2. A microwave power splitter/combiner according to claim 1 , in which the resistive layer is formed from a nickel-phosphorus alloy.
3. A microwave power splitter/combiner comprising a multi-layer laminate including a substrate carrying a resistive layer which has been etched to define a resistor, a dielectric membrane covering the resistor, a conductive layer defining at least part of a microwave circuit of the power splitter/combiner, and two ports of the power splitter/combiner are electrically connected across the resistor by vias extending through the dielectric membrane, wherein the resistive layer has been etched to define a profile similar to the microwave circuit, the conductive layer defining the microwave circuit has been deposited on the etched profile of the resistive layer, the two ports are electrically connected by the vias to the microwave circuit, the resistive layer is formed from a nickel-phosphorus alloy, the resistive layer defines a discrete resistor, conductive pads are secured to the resistor, the conductive layer is formed on the opposite side of the dielectric membrane to the discrete resistor, and the two ports are electrically connected by the vias one to each of the conductive pads.
4. A microwave power splitter/combiner according to claim 3 , in which the conductive pads are formed from copper.
5. A microwave power splitter/combiner according to claim 4 , in which the multi-layer laminate includes a copper foil covering the resistive layer, and the copper foil has been etched to define the conductive pads.
6. A microwave power splitter/combiner according to claim 5 , in which the dielectric membrane is formed from expanded poly-tetra-flouro-ethelyene impregnated with a thermoset resin.
7. A microwave power splitter/combiner according to claim 6 , in which the conductive layer is formed from copper.
8. A method of manufacturing a microwave power splitter/combiner comprising forming a laminate including a substrate carrying a resistive layer, a first conductive layer carried by the resistive layer, a dielectric membrane covering the first conductive layer, and a second conductive layer covering the dielectric membrane, including etching the resistive layer and the first conductive layer to define a discrete resistor having conductive pads, etching the second conductive layer to define a microwave circuit of the power splitter/combiner, and forming electrically conductive vias through the dielectric membrane to connect two ports of the microwave circuit one to each of the conductive pads.

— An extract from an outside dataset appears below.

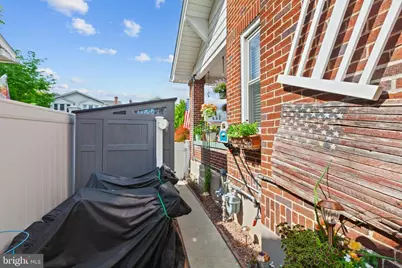 1934 W Livingston Street, Allentown, PA 18104 - Photo 39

9. A method of manufacturing according to claim 8 , including testing a resistance value of each of said resistors before placing the dielectric membrane over the conductive pads.
10. A method of manufacturing according to claim 8 , including adjusting a resistance value of any of said resistors to a specified value before placing the dielectric membrane over the resistor.
11. A method of manufacturing a manifold power splitter/combiner comprising forming a laminate including a substrate carrying a resistive layer, a first conductive layer carried by the resistive layer, a dielectric membrane covering the first conductive layer, and a second conductive layer covering the dielectric membrane, including etching the resistive layer and the first conductive layer to define a plurality of discrete resistors each having conductive pads, etching the second conductive layer to define an equivalent plurality of ported microwave circuits of power splitters/combiners together with electrical interconnections, and forming electrically conductive vias through the dielectric membrane to connect two ports of each of said ported microwave circuits one to each of the conductive pads of one of the discrete resistors.
12. A method of manufacturing according to claim 11 , including testing a resistance value of each of said resistors before placing the dielectric membrane over the conductive pads.
13. A method of manufacturing according to claim 11 , including adjusting a resistance value of any of said resistors to a specified value before placing the dielectric membrane over the resistor.Cited by (0)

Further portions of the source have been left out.